Working the lap dance rooms and seedy motels of New Orleans, Stewart's character (real name Allison, working girl name Mallory and many others) is a damaged runaway with a filthy mouth and an even filthier idea of how to make money. There is little sexy about this teen, as she's prayed on by faceless men; the camera catches every pimple, every dark circle under her eye, every strand of stringy hair that has seen far too much strip club cigarette smoke and not enough shampoo (and no, she does not once get naked). Her life is going nowhere until a plumbing supply salesman named Doug Reily (James Gandolfini) shows up and takes Allison under his wing.
Doug, too, is a runaway, fleeing a home life that has collapsed after his 15-year-old daughter's death, a trauma that has left his wife Lois (Melissa Leo) an anxiety-ridden shut-in. He cleans Allison up, refuses her sexual advances, and what develops between the two is a dysfunctional but sweet father/daughter relationship.
What to make of Gandolfini? On the one hand, his Doug presents an enrapturing mix of grizzly bear and puppy dog, a shell of a man struggling with unspeakable loss and fighting to find a reason to rise each morning. On that other hand, he tries on—and just as easily drops—a terrible southern accent, depending on the scene. The result is a frustrating hodgepodge of a performance that had so much potential to be great.

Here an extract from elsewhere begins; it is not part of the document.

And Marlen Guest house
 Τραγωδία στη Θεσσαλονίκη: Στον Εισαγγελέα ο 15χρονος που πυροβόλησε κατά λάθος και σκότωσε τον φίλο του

Melissa Leo, meanwhile, is nothing short of spectacular. With one expression—a shifting of the eyes, a downturn of the lips—the actress can communicate exactly what Lois is feeling, and what's more, she can make the audience empathize with her. Leo's lines are alternately funny and heartbreaking, and you root for her as such overcomes incapacitating anxiety to join Doug in New Orleans and find in Allison the daughter they once lost. It becomes clear they're all damaged, and they all need each other.
The film, no doubt, has its share of flaws, from intermittent pacing issues to frequent disruptive arguments that seem to arise from storytelling requirements rather than the relationships and developments between characters. But the script thankfully avoids the clichés and storybook ending to which lesser films might have given in.
In 'Rileys,' Twilighters will find nothing so much to be shocked by, rather than the fulfillment of a promise Stewart has been hinting at since 2002's "Panic Room": the woman is a fine, fine actress.